A decline in spending on household goods in the wake of Black Friday sales has bolstered hopes of an RBA rate cut as soon as February.

Jan 15, 2025, updated Jan 15, 2025
A pullback in spending has bolstered a view the RBA will cut interest rates at its next meeting. Photo: Bianca De Marchi/AAP
A pullback in spending has bolstered a view the RBA will cut interest rates at its next meeting. Photo: Bianca De Marchi/AAP

Australians pulled back sharply on purchasing household goods after bringing forward spending during Black Friday and Cyber Monday sales.

Consumer spending fell 1.8 per cent in December after a rise in November, with financially stretched households adapting purchasing habits to prioritise sales periods, the Commonwealth Bank has found.

The bank’s household spending insights index recorded a 7.7 per cent drop in discretionary spending, reinforcing the view that Australian consumers are continuing to struggle.

Shoppers brought forward holiday spending to take advantage of sales activities, said CBA chief economist Stephen Halmarick.

“When those sales periods are not there, things really drop away quite quickly,” he said.

“Overall, consumer spending remains pretty subdued.”

The bank’s index gleans spending insights from the de-identified payments data of about seven million retail customers.

Rises in essential categories such as utilities, insurance and transport were outweighed by a steep drop in spending on household goods, which plunged 8.3 per cent.

Combined with falling inflation, the pullback in spending bolstered CBA’s view that the Reserve Bank of Australia will cut interest rates at its next meeting in February, Mr Halmarick said.

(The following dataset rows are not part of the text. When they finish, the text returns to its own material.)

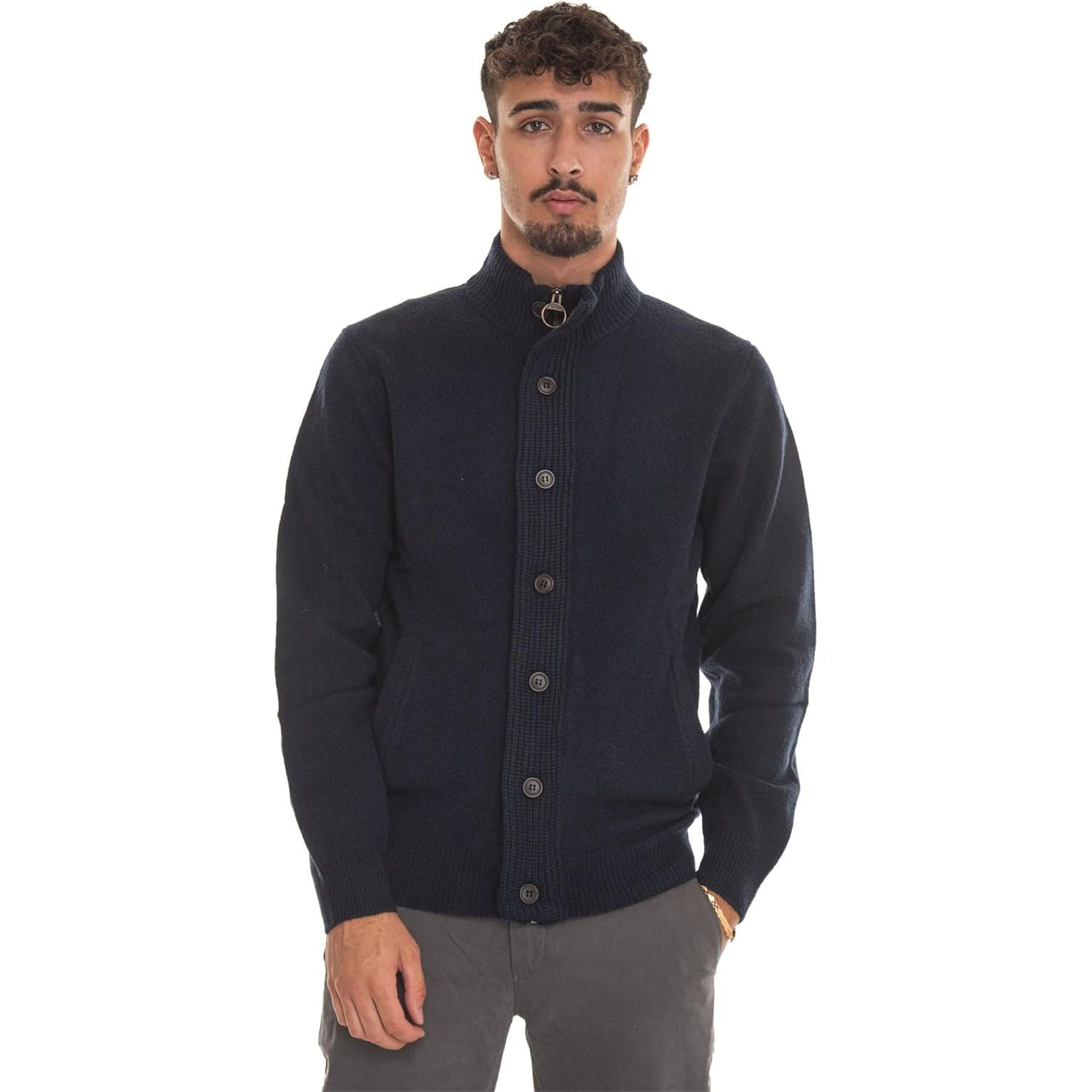 Pullover BARBOUR Uomo essential patch zip Navy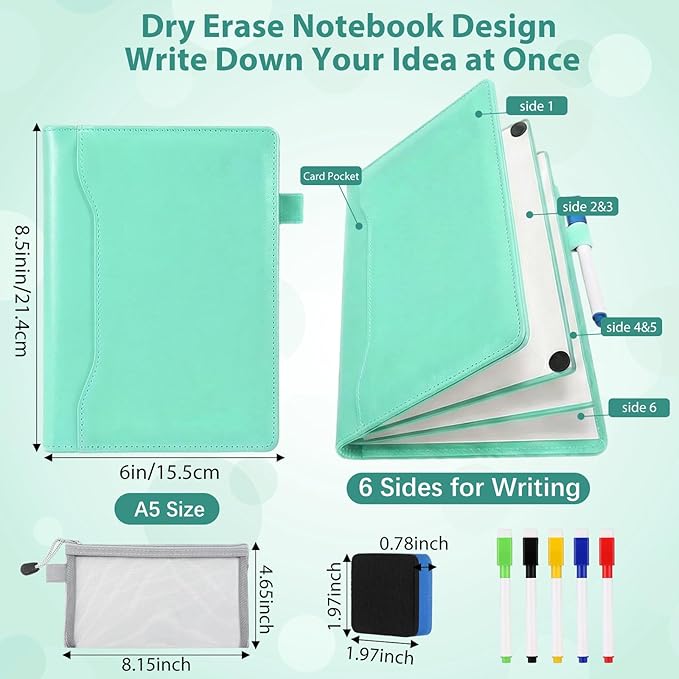 6 Sides Dry Erase Notebook Portable Whiteboards Notebook 9"x6"(a5) Small Reusable Whiteboard Notepad Foldable Anti-ghosting Surface, Travel White Board for Office Study Meeting Planning
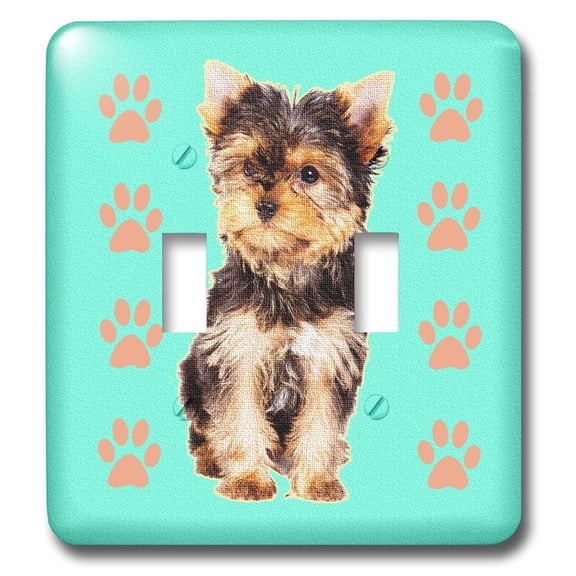 3dRose, Yorkie tea cup, double toggle switch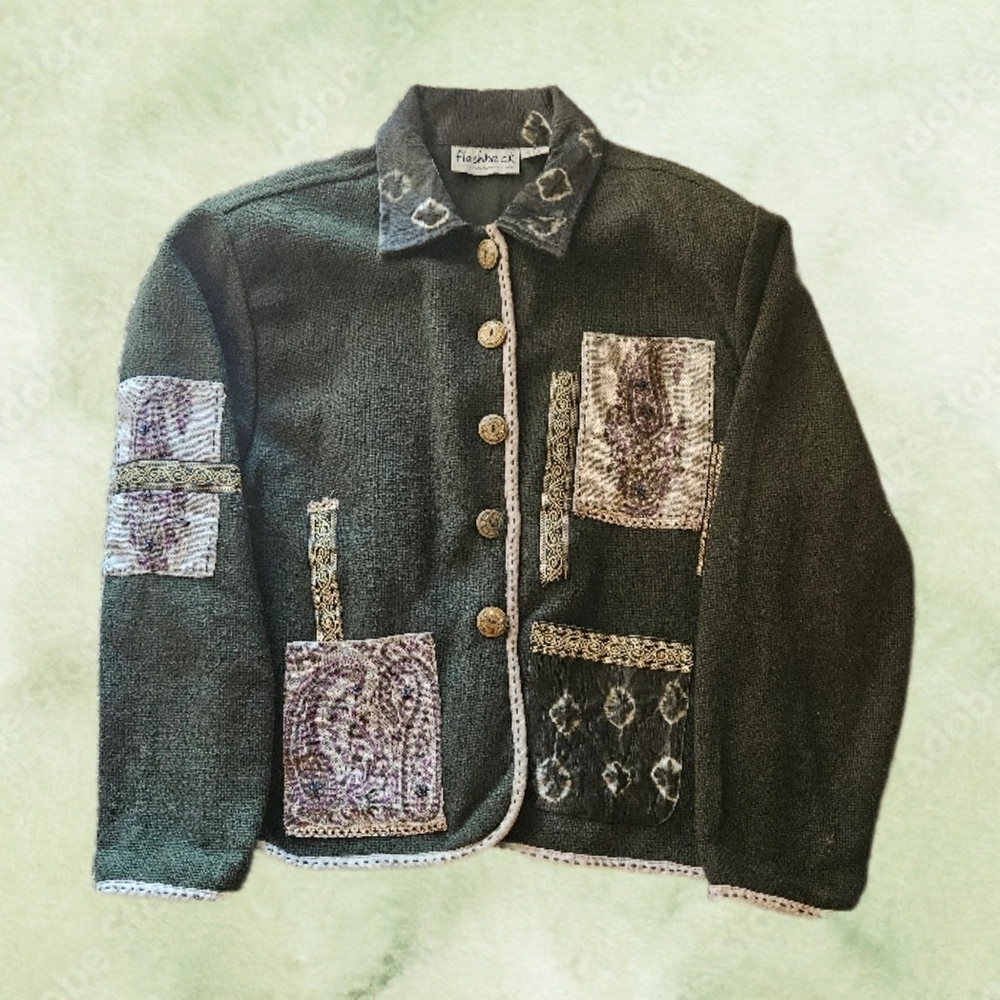 Flashback Patchwork Unique Jacket. Dark Olive. Medium.
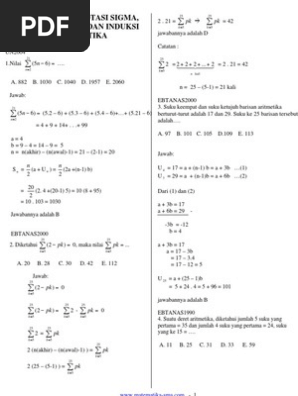 Soal Soal Notasi Sigma Barisan Deret Dan Induksi Matematika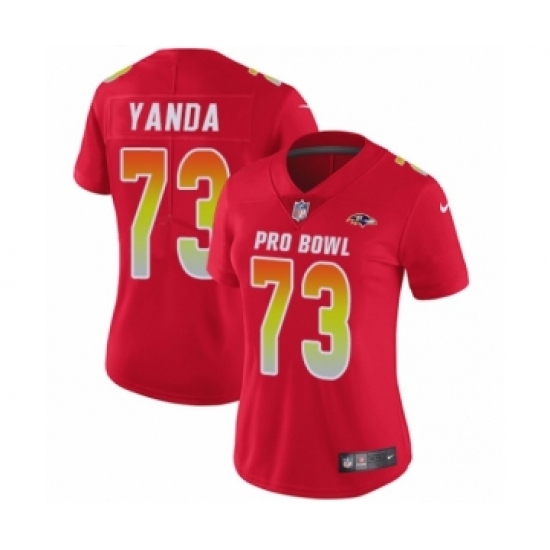 Women's Nike Baltimore Ravens #73 Marshal Yanda Limited Red AFC 2019 Pro Bowl NFL Jersey - Ujersey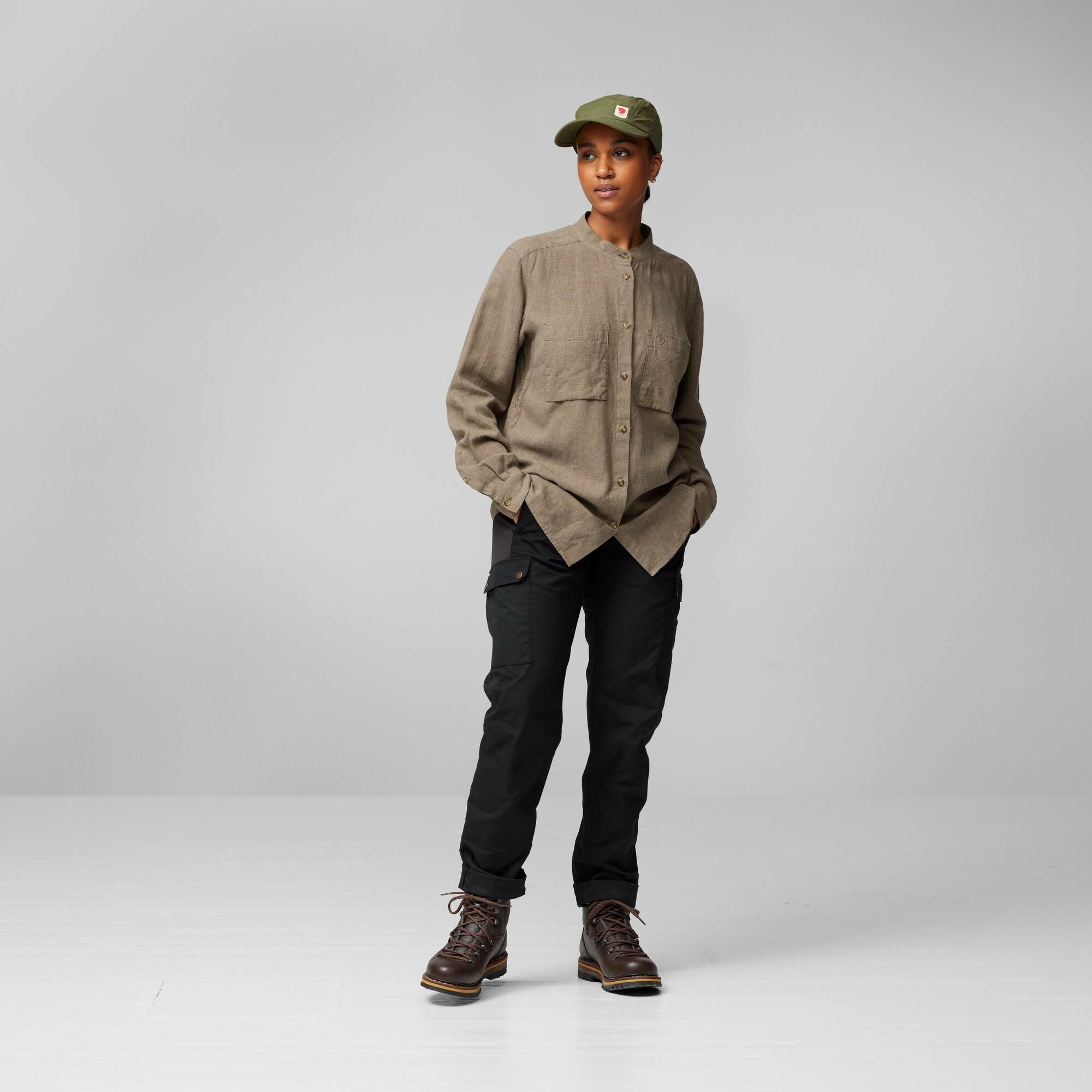 Övik Hemp Shirt L/S Wm, chalk white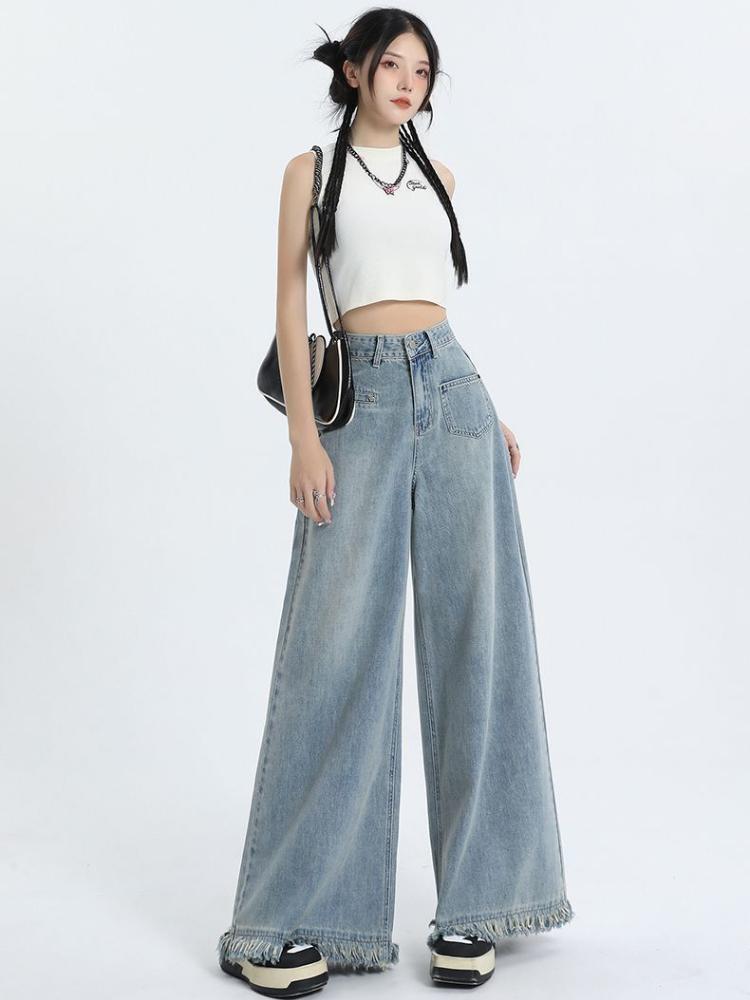 American Retro Super Wide-leg Jeans, dámské nové, s vysokým pasem, zeštíhlující design, světlé kalhoty s rozšířeným vzorem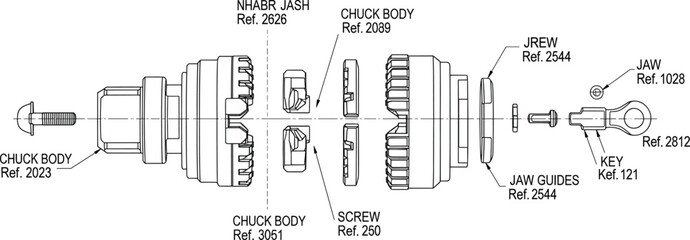 Exploded chuck assembly vector diagram with labeled mechanical components, machining tool parts, precision schematic, engineering blueprint, industrial illustration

It’s no longer an outlier opinion among the big four banks. ANZ recently brought forward its rate cut prediction to February on the back of lower-than-expected inflation figures for November.

As a result, Halmarick revised down to 0.5 per cent his core inflation forecast for the December quarter, due out on January 29, which would put the six-month annualised underlying inflation rate near the midpoint of the RBA’s target range at 2.6 per cent.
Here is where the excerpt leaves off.